King’s Beach, which spans the border of Lynn and Swampscott, had the worst water-safety rating in the region in 2022, according to the Metropolitan Beaches Water Quality Report Card.
Compiled by Save the Harbor/Save the Bay, the annual report card grades the safety of public beaches in Boston and its surrounding municipalities.
From 2017 to 2021, King’s Beach’s annual rating dropped from 92% to 68%. Until 2022, the beach consistently had the second-worst water-safety rating in the region, with Dorchester’s Tenean Beach graded at 63% in 2021, and King’s Beach at 68%.
In 2022, King’s Beach’s rating fell below Tenean’s for the first time, although both beaches saw increased water-safety ratings. Tenean’s rating rose by 24%, earning it an 89% water-safety rating in the recently-released report card, and King’s Beach’s rating increased by 6% to 74% — now the lowest in the region.

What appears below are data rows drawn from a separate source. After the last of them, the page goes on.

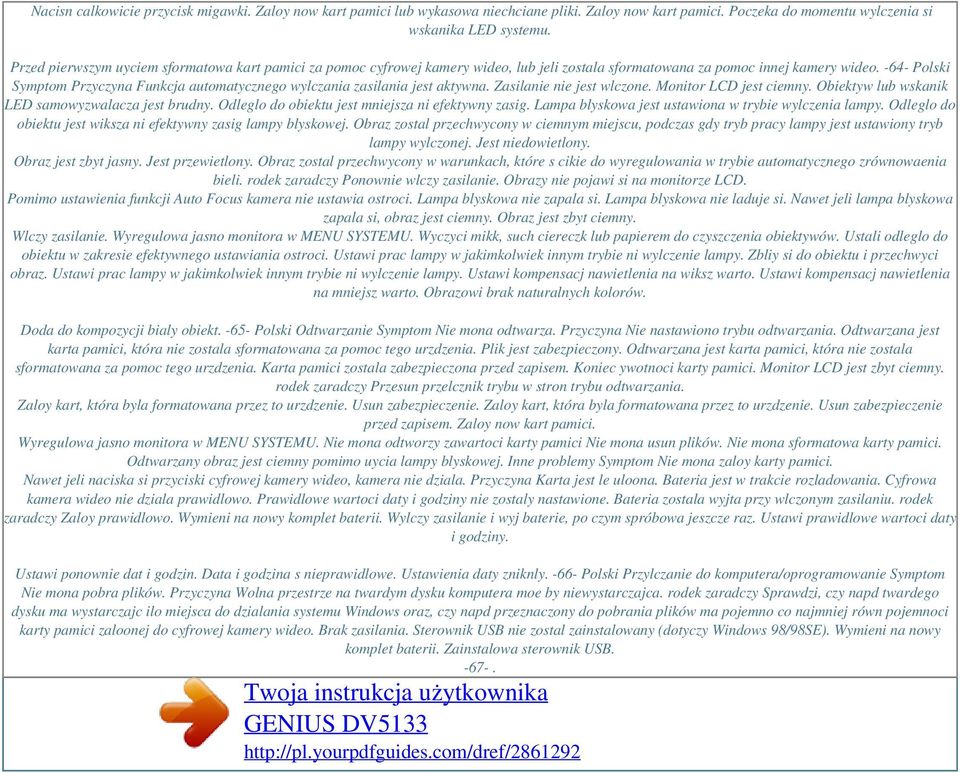 -64- Polski Symptom Przyczyna Funkcja automatycznego wylczania zasilania jest aktywna. Zasilanie nie jest wlczone. Monitor LCD jest ciemny. Obiektyw lub wskanik LED samowyzwalacza jest brudny.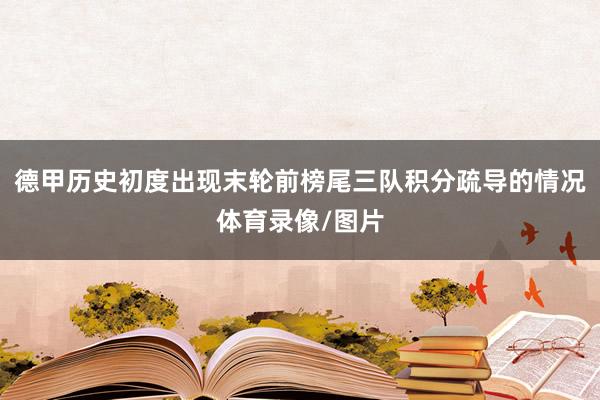 德甲历史初度出现末轮前榜尾三队积分疏导的情况体育录像/图片
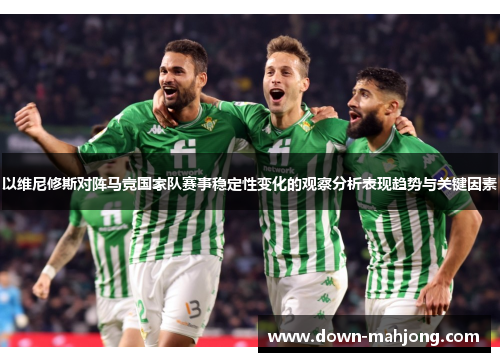 以维尼修斯对阵马竞国家队赛事稳定性变化的观察分析表现趋势与关键因素 以维尼修斯对阵马竞国家队赛事稳定性变化的观察分析表现趋势与关键因素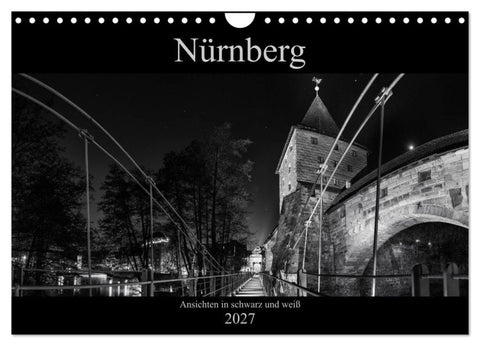 Nürnberg - Ansichten in schwarz und weiß (Wandkalender 2027 DIN A4 quer), CALVENDO Monatskalender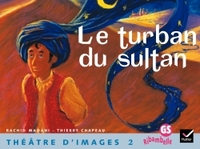 RIBAMBELLE GS - THEATRE D'IMAGES N 2, LE TURBAN DU SULTAN + GUIDE DE L'ENSEIGNANT (48 P)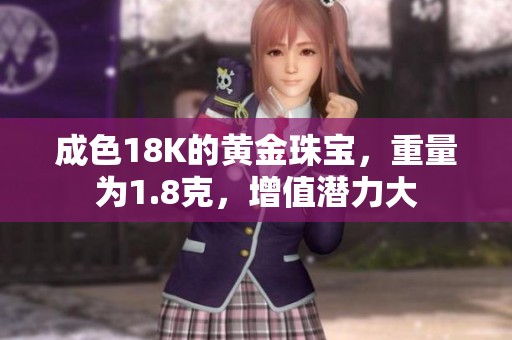 成色18K的黄金珠宝，重量为1.8克，增值潜力大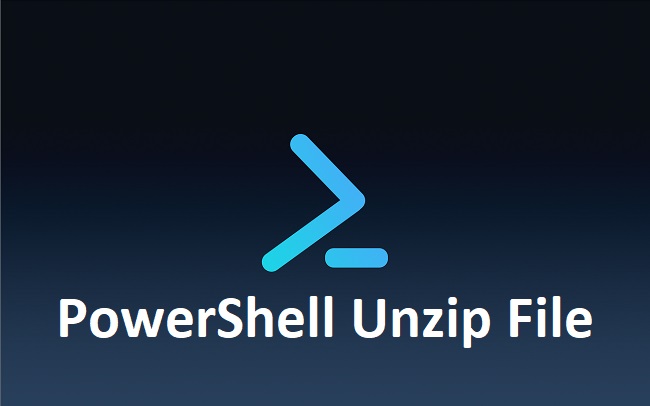 PowerShell Unzip File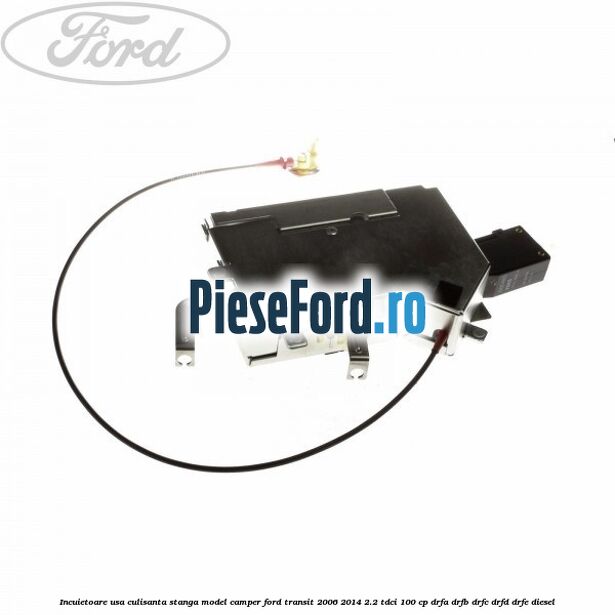 Incuietoare usa culisanta stanga model camper Ford Transit 2006-2014 2.2 TDCi 100 cp DRFA, DRFB, DRFC, DRFD, DRFE diesel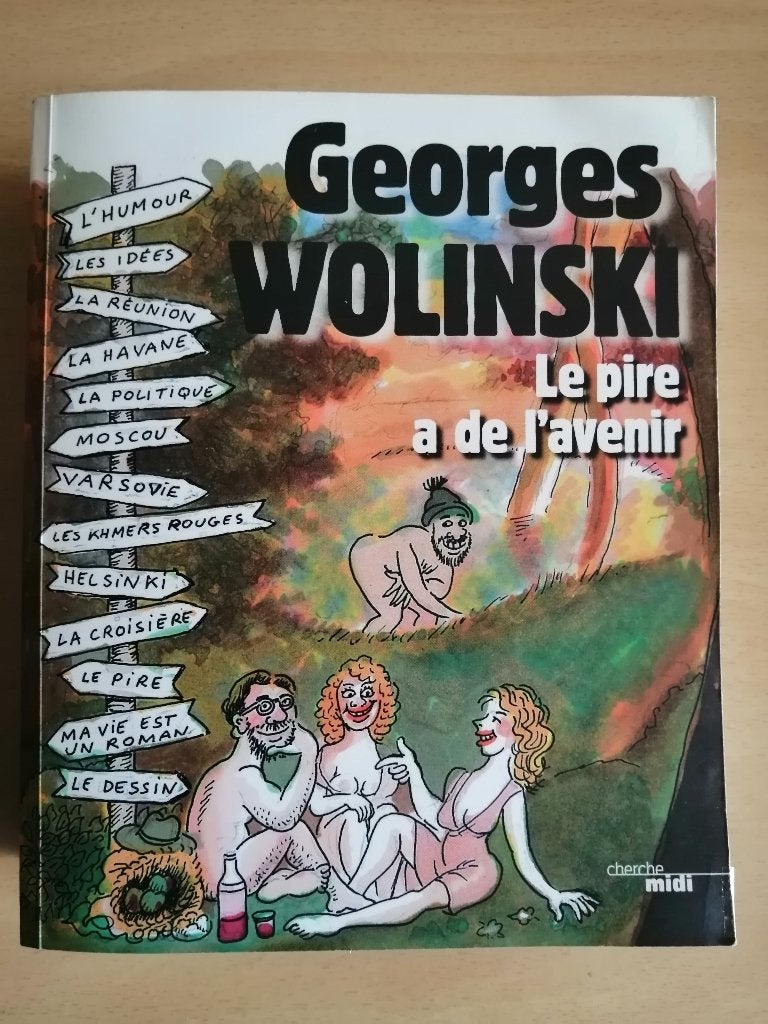 Le pire a de l'avenir de Georges Wolinski, Enlèvement ou Envoi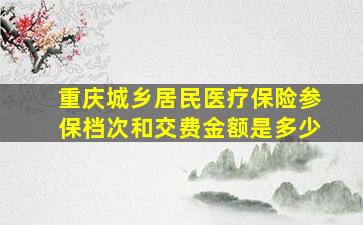 重庆城乡居民医疗保险参保档次和交费金额是多少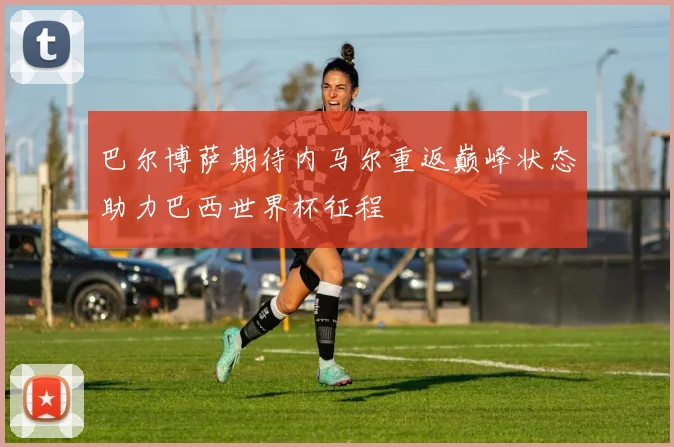巴尔博萨期待内马尔重返巅峰状态助力巴西世界杯征程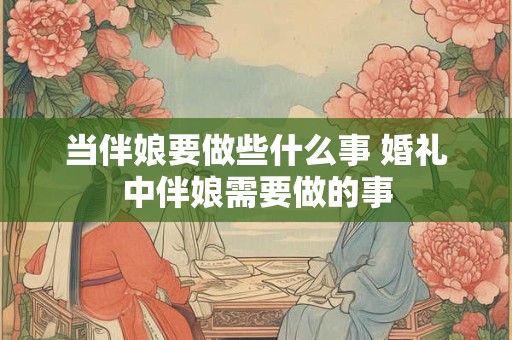 当伴娘要做些什么事 婚礼中伴娘需要做的事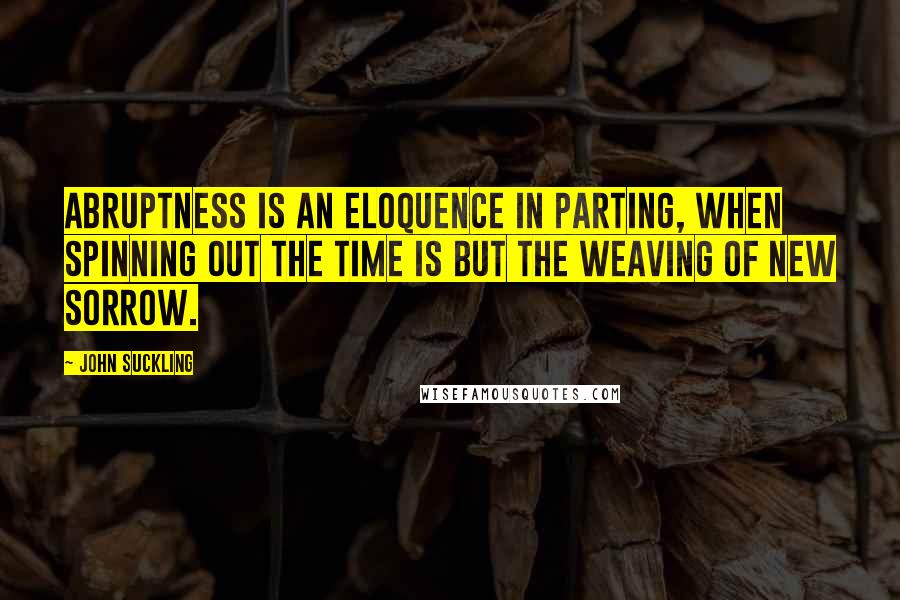 John Suckling Quotes: Abruptness is an eloquence in parting, when spinning out the time is but the weaving of new sorrow.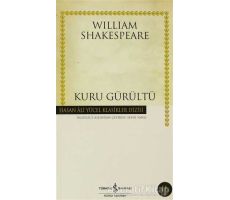 Kuru Gürültü - William Shakespeare - İş Bankası Kültür Yayınları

“Most of the region’s beaches scored quite well in 2022,” Save the Harbor/Save the Bay Executive Director Chris Mancini said. “We are pleased to see improvement at Tenean Beach, and are hopeful that Lynn and Swampscott’s ongoing efforts to address persistent pollution at Stacey’s Brook will improve water quality at King’s Beach.”
King’s Beach is frequently polluted with sewage-mixed groundwater discharge from a drain pipe at Stacey’s Brook. In February, the King’s Beach Steering Committee, which comprises representatives from the Town of Swampscott, the City of Lynn, regulatory agencies, public-interest groups, and consultants, sent a letter to the state Secretary of Energy and Environmental Affairs Rebecca Tepper requesting $25 million to disinfect the beach with UV rays.
The letter states that the contaminated runoff spews a quantity of bacteria into the beach that is approximately 800 times greater than the level deemed safe for swimming.
“Even with successful elimination efforts, the UV solution would be necessary to address polluted runoff and keep King’s Beach open and swimmable for longer periods of time,” the Steering Committee wrote.
Currently, Department of Conservation and Recreation beach managers are required to fly a red flag on days when bacteria levels render the water unsafe for swimming. Mancini said that while the water tests themselves are “extremely accurate,” it takes roughly 24 hours for them to be completed and posted. As a result, Mancini said flags are always a day late and do not reflect a beach’s current condition.
The state Department of Public Health is currently working to redesign its water-safety website to allow multilingual access to the most current water-quality test results and historic water-quality data for every beach in the Commonwealth. The site will provide members of the public with the information they need to make informed decisions about when and where to swim.
“With support from both U.S. EPA and the Commonwealth, the Massachusetts Department of Public Health has been able to modernize our public-health data systems for reporting the water quality at the more than 550 marine and over 500 freshwater beaches across the state,” Public Health Commissioner Robbie Goldstein wrote in a statement.
Until the site is completed, Save the Harbor/Save the Bay urges the public to stay out of the water for 24 hours, or approximately two tide cycles, after summer storms.